Indeed, many of the metals at the top of the list will play a leading role in a future powered by the wind, the sun, and batteries. Previous studies have found that demand for cobalt, for example, could outstrip production rates within just a few years due to a rapid rise in the manufacturing of electric vehicle batteries, a reality that could fuel a mining boom in some of the poorest and most unstable parts of the world.

“There is considerable risk that the extraction of some of these key minerals could exacerbate levels of fragility, conflict, or violence in the mineral-rich states,” said Clare Church, a policy analyst at the International Institute for Sustainable Development. Church added that it’s not only the presence of conflict minerals that could disrupt supplies: “[I]t might also be community protests against large-scale mines or local resistance against the environmental degradation and pollution caused by mining in the area,” she said.

To prevent the green energy boom from fueling a dirty mining boom, any new mines must be developed with stringent oversight and community consent. For certain metals, that could ultimately mean more mining in the United States. Nassar noted some of the minerals his study flags are already mined domestically — including at the aforementioned California rare earth operation, and the Stillwater platinum and palladium mine in Montana — and that the USGS is currently engaged in mapping efforts that could lead to the discovery of additional resources.

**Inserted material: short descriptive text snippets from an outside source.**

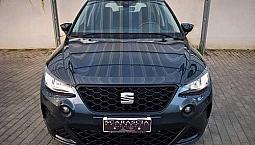 Seat Arona 1.0 Ecotsi 110 Cv Style - Restyling - E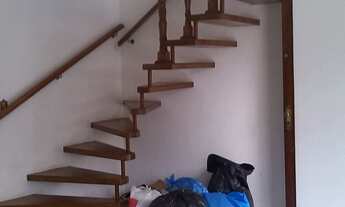 Imagem 4: CASA em São Paulo - SP, Cidade Ademar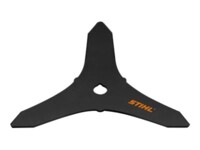 STIHL Brush cutter blade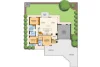 37 Canterbury Road, Montrose, Vic 3765-Floorplan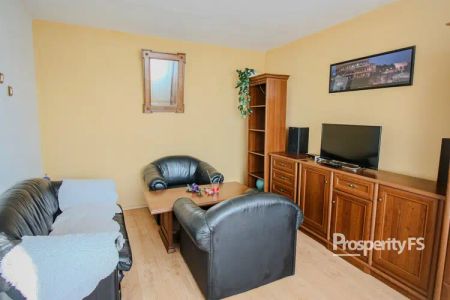 Pronájem bytu 1+1 33 m - Photo 3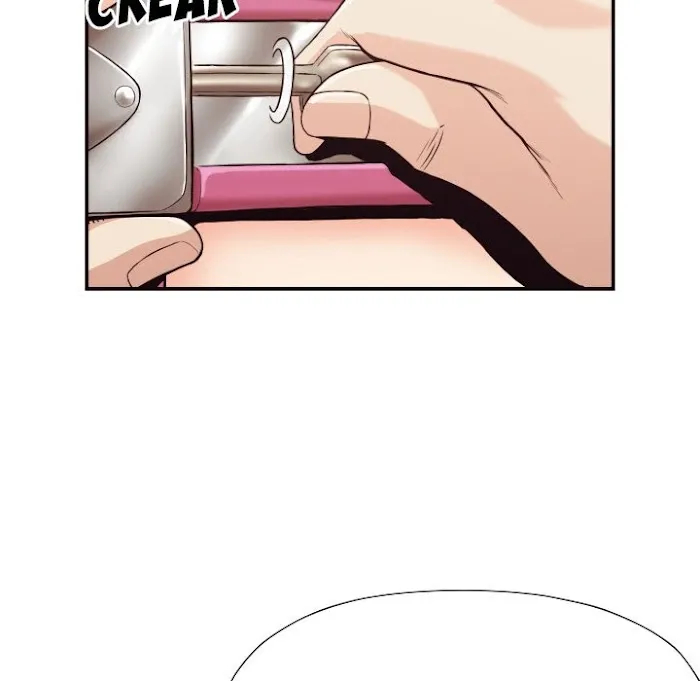 Read Never Too Late chapter 17 image 91 on Lezhin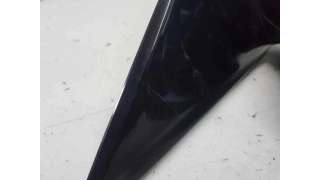 RETROVISOR DERECHO BMW SERIE 1 BERLINA 2.0 16V D (122 CV) DE 2016 - D.4395960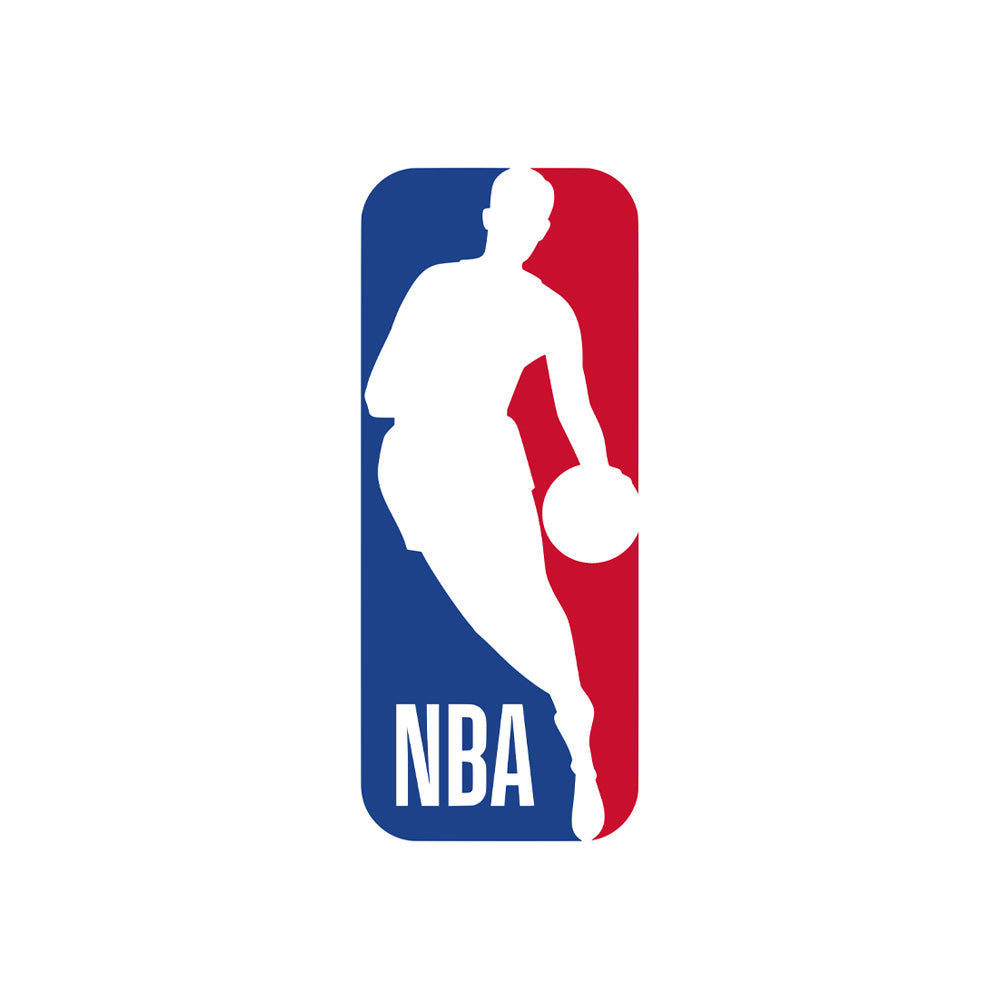 NBA Socks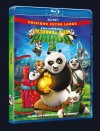 KUNG FU PANDA 3
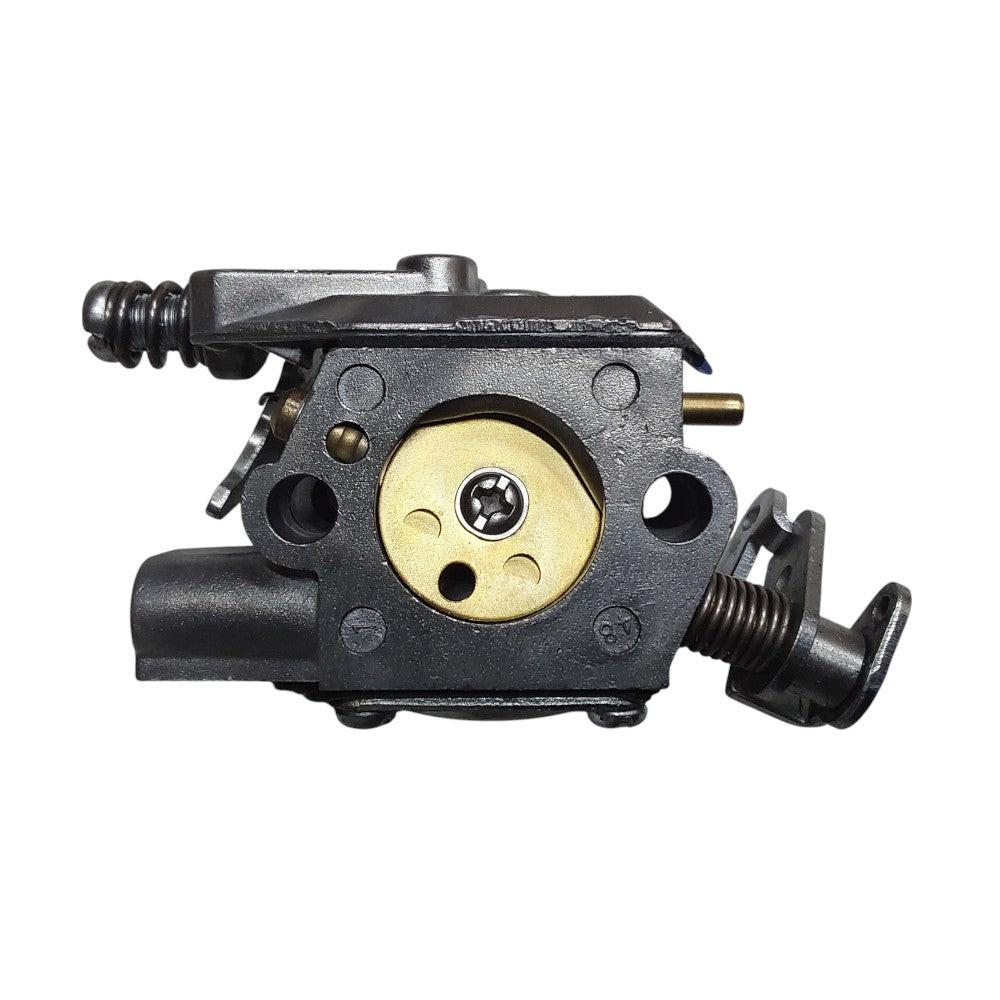 Proven Part Carburetor For Stihl Fits MS193C MS193T WT-1061.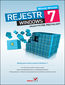 Rejestr Windows 7. Praktyczne przykłady
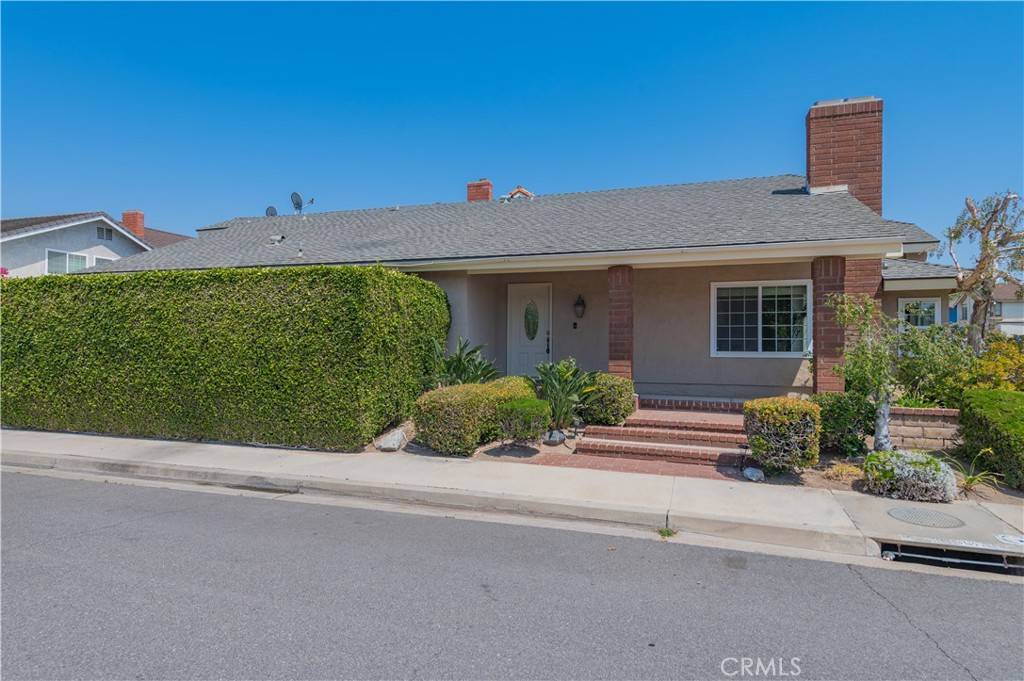 Irvine, CA 92620,18 Hunter
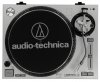 Купить AUDIO-TECHNICA AT-LP120-USBHS10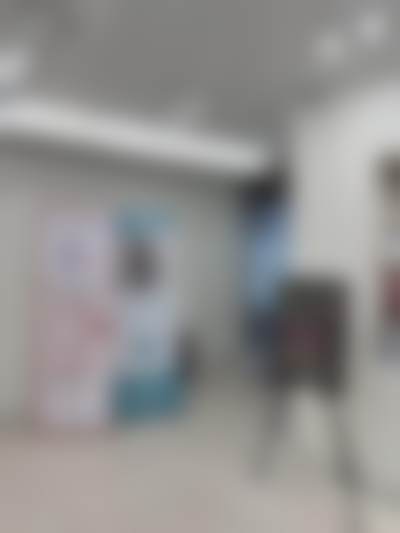 S女性医院李惠妍收费价目表——项目点评与推荐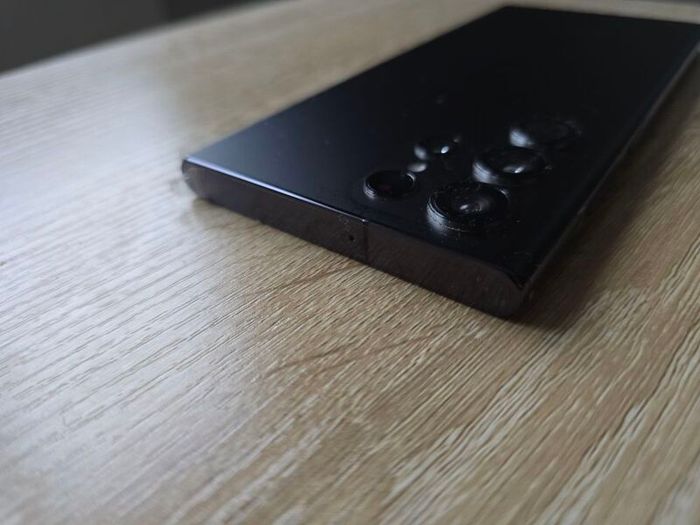 samsung  22 ultra 1 tb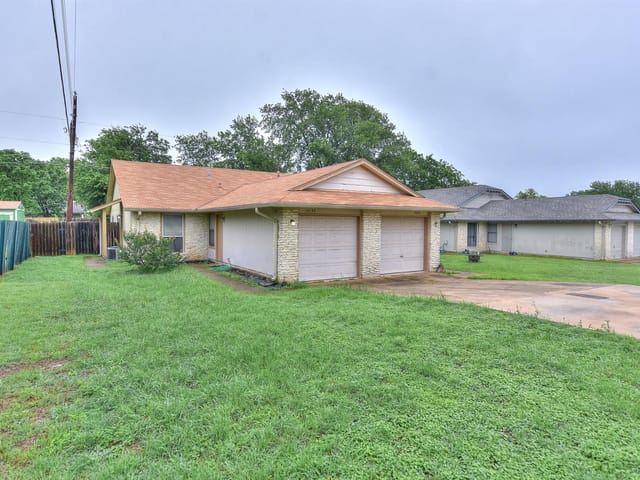 16132 Fitchburg Cir
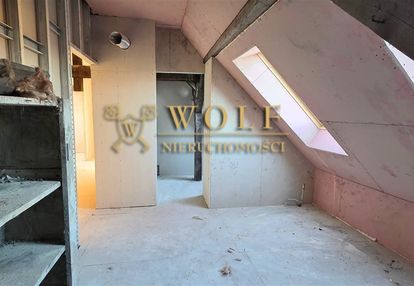 Mieszkanie w centrum tarnowskich gór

Many environmentalists are skeptical that domestic metals mining could be expanded responsibly under the regulation-allergic Trump administration, and some green groups see the administration’s recent push to shore up supplies of critical metals as little more than a pretext for fast-tracking mining projects on public lands. A critical minerals strategy document the Interior Department published last year called for “streamlin[ing] permitting and review processes” for critical minerals mining projects, including, potentially, excluding certain mineral development projects from review under the National Environmental Policy Act.

“Unfortunately, the mining industry is trying to gut bedrock environmental laws in order to accelerate the mining of so-called ‘critical minerals,’ claiming America is over-reliant on foreign countries for these minerals,” Aaron Mintzes, Senior Policy Counsel at Earthworks, told OneZero. “Critical minerals policy is simply the mining lobby’s latest gambit in a decade-long attempt to eviscerate community and environmental oversight of their industry.”

More mining isn’t the only way to reduce the risk of supply shocks. For some technologies, we might be able to find substitute materials: For instance, scientists at the Critical Materials Institute are researching how to create strong permanent magnets with more abundant rare earths like cerium. We can lessen the need for new resources by extending the lifespan of electronics through repair and reuse, and we can develop better recycling technologies for reclaiming metals like cobalt and rare earths from dead electronics. Companies like Apple have taken the first baby steps toward doing this with their own devices, while the Department of Energy recently launched a prize for technologies aimed at recovering cobalt from lithium batteries.

Ultimately, the threat of a high-tech mineral shortage is unlikely to go away in a world that’s increasingly reliant on technology for everything from entertainment to energy. Hopefully, with a better understanding of which supplies are most fragile, we can develop more sustainable resources and mining alternatives before the supply shocks start to hit.